Maximizing Profitability for Rental Companies through the Total Cost of Ownership Metric
Posted on: 31 Jul 2018
True total cost of ownership (TCO) is determined by factoring in everything that goes into operating that machine over its lifetime: initial purchase price, fuel costs, maintenance costs, utilization, organizational overhead, resale value, etc.
When you talk about total cost of ownership for rental companies, it has to play into their rental rate calculation as well as the return on investment, or return on asset, more so than just the purchase price of the machine. So if one brand has an advantage—and it may be something as simple as Brand A’s oil change interval is 500 hours, and Brand B’s is 2,000 hours—if you start extrapolating that over the duration of ownership, that starts to add up. Specifically for the rental side, all of those costs have to roll up into a profitable rental rate. Then you look at taxes and depreciation and retail value, auction value, things like that.

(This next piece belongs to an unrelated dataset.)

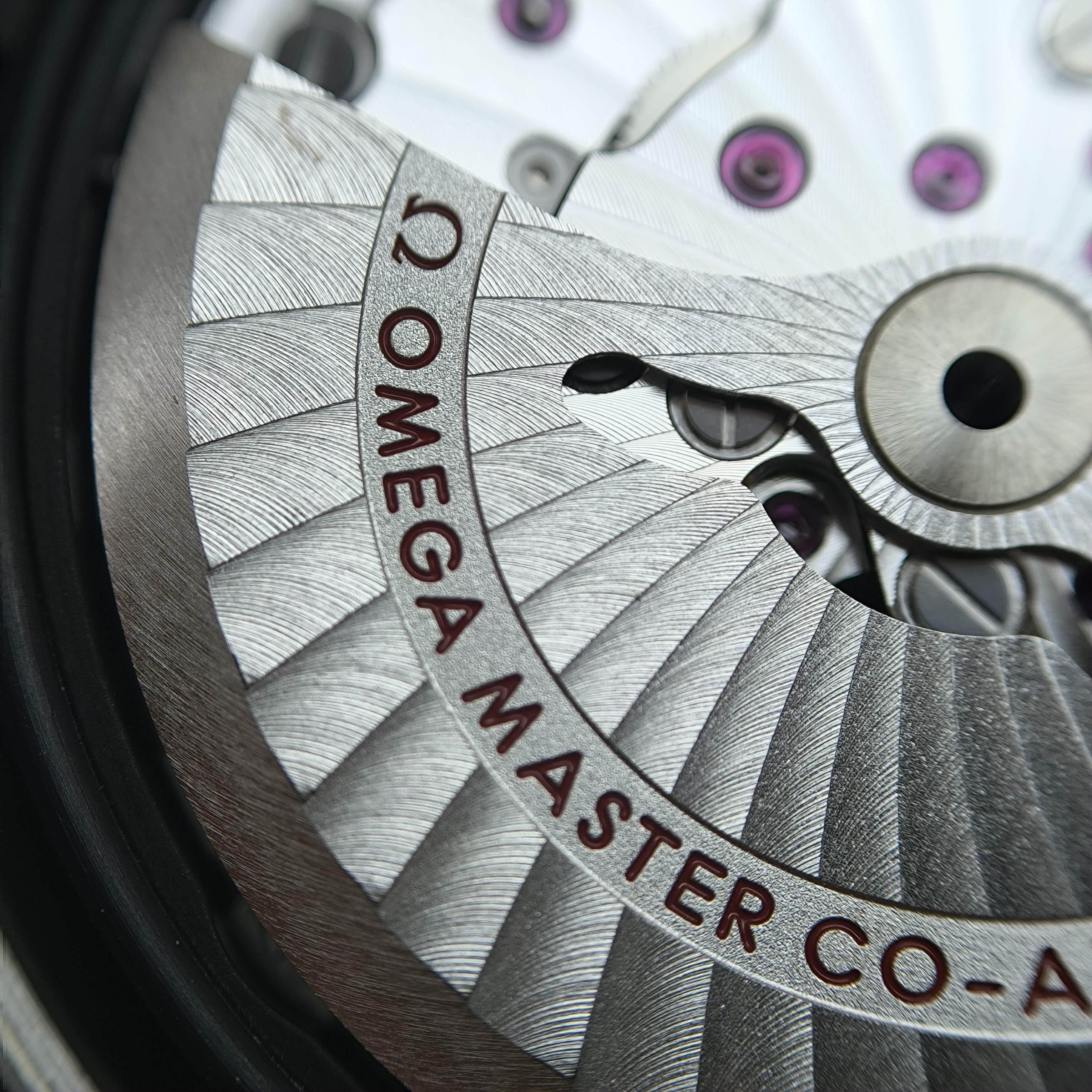 Omega Seahorse 43 millimeters 220.12.43.22.03.002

Managing Service Intervals
One of the struggles for rental companies is that different manufacturers have varying service intervals. So if a Brand A skid steer is 500 hours and a Brand B skid steer is 215, and a Brand C skid steer is 700 hours, that can be very difficult for a rental company to keep track of all that. So, what a lot of rental companies will do is just say, “All skid steers per 500 hours.” Or even, “All machines 500 hours.” So they’re missing that key cost savings of taking advantage of some of those features that certain manufacturers may have.
Telematics technology has made scheduling service intervals easier than ever. Eliminating the need for whiteboards and logbooks, telematics data can show rental companies where machines are in their maintenance schedule and how many hours are on the engine with up-to-the-minute accuracy. Telematics systems are also capable of sending alerts when a machine approaches a maintenance milestone, or is operating outside of an acceptable parameter.
By knowing exactly when a machine needs to be serviced, it allows for service personnel to better plan for maintenance activities and ensure that all of the proper parts, filters and components are in stock because they know right when that machine will need to be serviced. Over time, sticking with the manufacturer-recommended service intervals will help maximize a machine’s profitability.
Total Cost of Ownership Calculations Made Easy
CASE recently introduced an online TCO calculator tool that allows equipment owners and prospective buyers to get a realistic picture of the lifetime costs of a particular machine. The math is all done in the background, so estimated time of ownership, estimated hours per year, you can plug in your cost of fuel, or how long you’re going to depreciate it on your books, and it takes all that in to consideration. And you come out with an anticipated total hourly cost for the life of that machine, which can help rental companies set rental rates that will maximize a machine’s profitability.
The TCO Calculator can be accessed here: https://tco.casece.com/northamerica/en-us
Not all manufacturers have tools available like this, but most of them have the information available—most of the time you just have to ask for it.
The calculation itself can go pretty deep. Depending on the type of equipment, the calculator starts with owning costs, which include the initial purchase amount, interest, taxes, extended warranty, and resale value. You’ve got operating costs, which include the cost of fuel, DEF, oil, tracks, bucket teeth and other consumables. Next is routine maintenance costs, which covers estimated labor rates as well as working conditions and utilization. Finally, you end up with a total owning and operating cost summary, which provides you with a total hourly cost for the machine.
Most of the larger rental companies are usually on top of things like this. They’ve been around for a while, they have huge fleets—I’m sure they have blanket costs for this kind of thing. But the smaller rental companies really should talk to their manufacturers about total cost of ownership. And they should especially be taking a closer look at things like service intervals between manufacturers. If a company is changing the oil every 500 hours when the manufacturer says 2,000 hours, they could save thousands of dollars a year.
Equipment rental is a very competitive industry. Rental companies of all sizes need an edge, and having a clear picture of the hourly cost of a machine over the course of its lifetime is a surefire way to set the most profitable and competitive rental rates.